So, Thatcher's dead

Apr 08, 2013 15:31

Margaret Thatcher's dead. My Twitter feed is being pretty restrained, I think, which is nice. I ain't mourning her passing, she hurt so many people, she paved the way for the hurt so many people are suffering today as the poor continue to be demonised, but I can't celebrate anybody's death ( Read more... )

politics

Leave a comment

Comments 19

reapermum April 8 2013, 14:57:09 UTC
Hurrah for the milk snatching, you didn't spend years of your life being forced to drink 1/3pint of luke warm, slightly off milk every school day.

Reply

calapine April 8 2013, 15:44:01 UTC
BUT MY POOR BONES LACK CALCIUM NOW. Probably. I have no idea. Rly I should be on her side for that cause I hate milk, and yet.

Reply

reapermum April 8 2013, 16:13:28 UTC
There was no storage for the milk at my school. So in winter it was put on the radiators to thaw, so it was luke warm and going off by the time we had to drink it. In summer there was no where to keep it cool, so once again warm and going off. And you weren't allowed to miss drinking it because it was good for us. Those of us who lived through that all cheered when milk vanished from schools.

Reply

calapine April 8 2013, 16:58:09 UTC
That is quite perfectly horrid, yes. Ick. :(

Reply


peeeeeeet April 8 2013, 16:21:16 UTC
+ Clause 28.

ISTR reading somewhere that she actually spoke against taking away free school milk according to the cabinet minutes, but was bound to publicly support the policy due to collective cabinet responsibility. But "milk snatcher" is too good a nickname so it may as well stick.

Reply

calapine April 8 2013, 16:59:30 UTC
Yeah, I don't want to give up the cheap name-calling.

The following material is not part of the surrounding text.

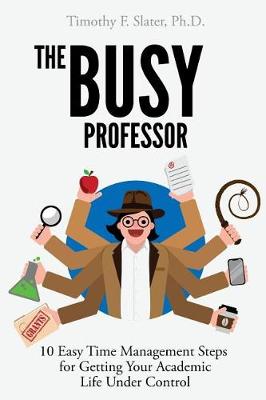 Book cover for The Busy Professor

S28's not so stamped on my memory, but it's def a part of her smashing legacy that shouldn't be forgotten.

Reply


sabotabby April 8 2013, 20:54:34 UTC
Some of the earliest memories I have involve the shit she was doing across the pond. It was her, Reagan, and Mulroney forming an unholy trifecta of early political consciousness.

Ah. One to go.

Reply

airie_fairy April 8 2013, 21:29:53 UTC
...I don't know of this Mulroney. Should I, or would it just hurt?

Reply

sabotabby April 8 2013, 21:33:42 UTC
Canadian Prime Minister around the same time who introduced neoliberal policies here. He was small potatoes compared to both the others and the kitten-eater we have running the country at the moment, but nevertheless one of the Great Satans of my early childhood.

Reply

airie_fairy April 9 2013, 06:39:14 UTC
*researches* ...man, that guy was...um, kind of incompetent, eh?

My brain fundamentally runs screaming from the word "privatization."

At least he wasn't all...yay apartheid and contras?

Reply


wwhyte April 9 2013, 12:55:23 UTC
I'm kind of not bothered by the Belgrano thing. War's war.

Reply

calapine April 9 2013, 17:47:59 UTC
No, it's not. There are numerous inexcusable, illegal and/or unjust things one party can do to another even while in a state of open war. That's why we have stuff like the Geneva Convention, the International Criminal Court, and so on. While I don't think sinking a retreating ship and killing the crew is a crime we'll ever see come to the Hague's court, I would prefer a world where it did.

Reply

airie_fairy April 10 2013, 04:32:02 UTC
Even within war, there's still such a thing as war crimes.

Reply


dqbunny April 9 2013, 16:17:18 UTC
My husband picked me up, twirled me around, then danced around the apartment. He was so happy. He was telling me about her policies and how they affected Liverpool and hurt so many people. Here in the US, we grew up just knowing she was a woman and a friend of Reagan's.

Reply

calapine April 9 2013, 16:29:31 UTC
I can't be cheerful about it, but I do understand it. She did a heck of a lot of damage, and it's still with us.